WHAT TO DO: Please repeat nothing except the lines from the one containing "Секси чокър бикини, снимка" through the end of the records, exactly and without pictures.

MATERIAL TO PROCESS:
════
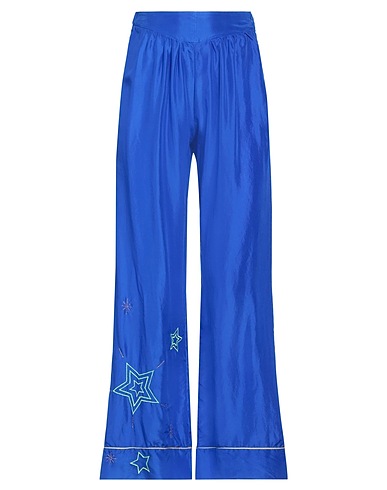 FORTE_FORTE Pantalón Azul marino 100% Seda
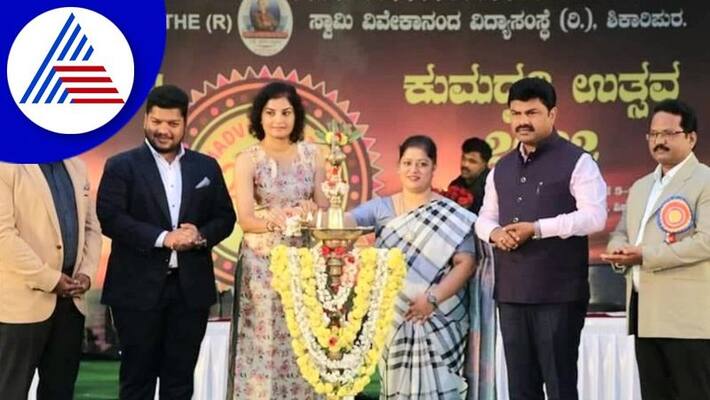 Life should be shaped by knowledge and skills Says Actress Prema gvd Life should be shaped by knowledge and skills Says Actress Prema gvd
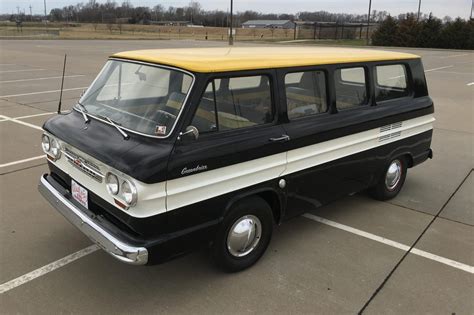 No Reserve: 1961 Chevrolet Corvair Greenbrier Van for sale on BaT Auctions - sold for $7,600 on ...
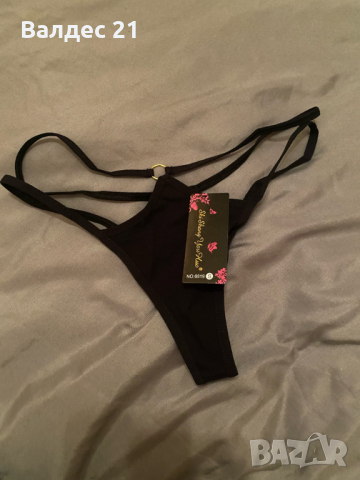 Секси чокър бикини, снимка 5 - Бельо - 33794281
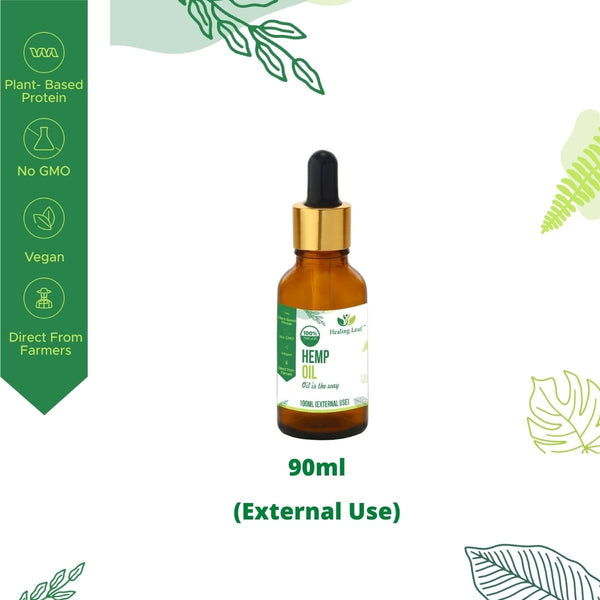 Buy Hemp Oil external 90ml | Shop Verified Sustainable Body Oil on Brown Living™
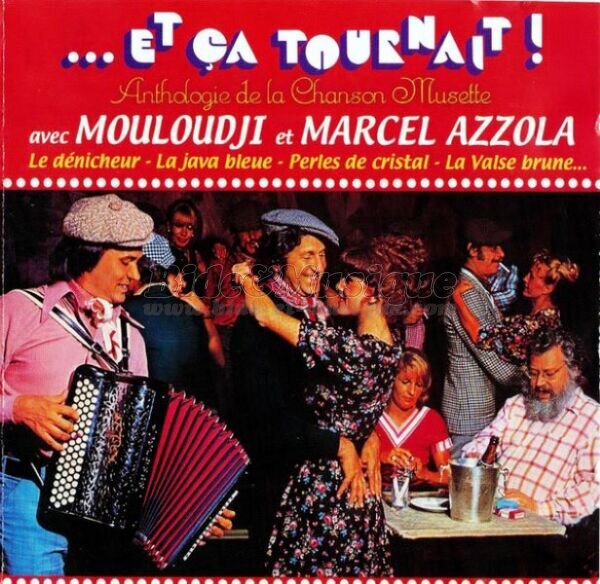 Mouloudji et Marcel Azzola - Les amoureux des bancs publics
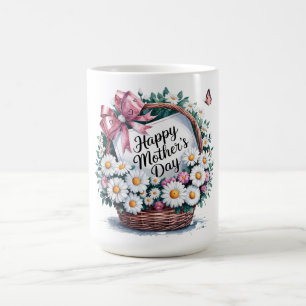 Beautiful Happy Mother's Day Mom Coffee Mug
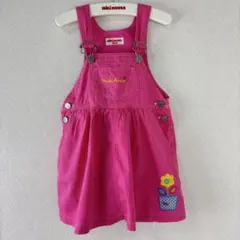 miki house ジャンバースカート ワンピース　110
════
FINISHED TASK:
 Секси чокър бикини, снимка 5 - Бельо - 33794281
 Buy Hemp Oil external 90ml | Shop Verified Sustainable Body Oil on Brown Living™
 Mouloudji et Marcel Azzola - Les amoureux des bancs publics
 Beautiful Happy Mother's Day Mom Coffee Mug
 miki house ジャンバースカート ワンピース　110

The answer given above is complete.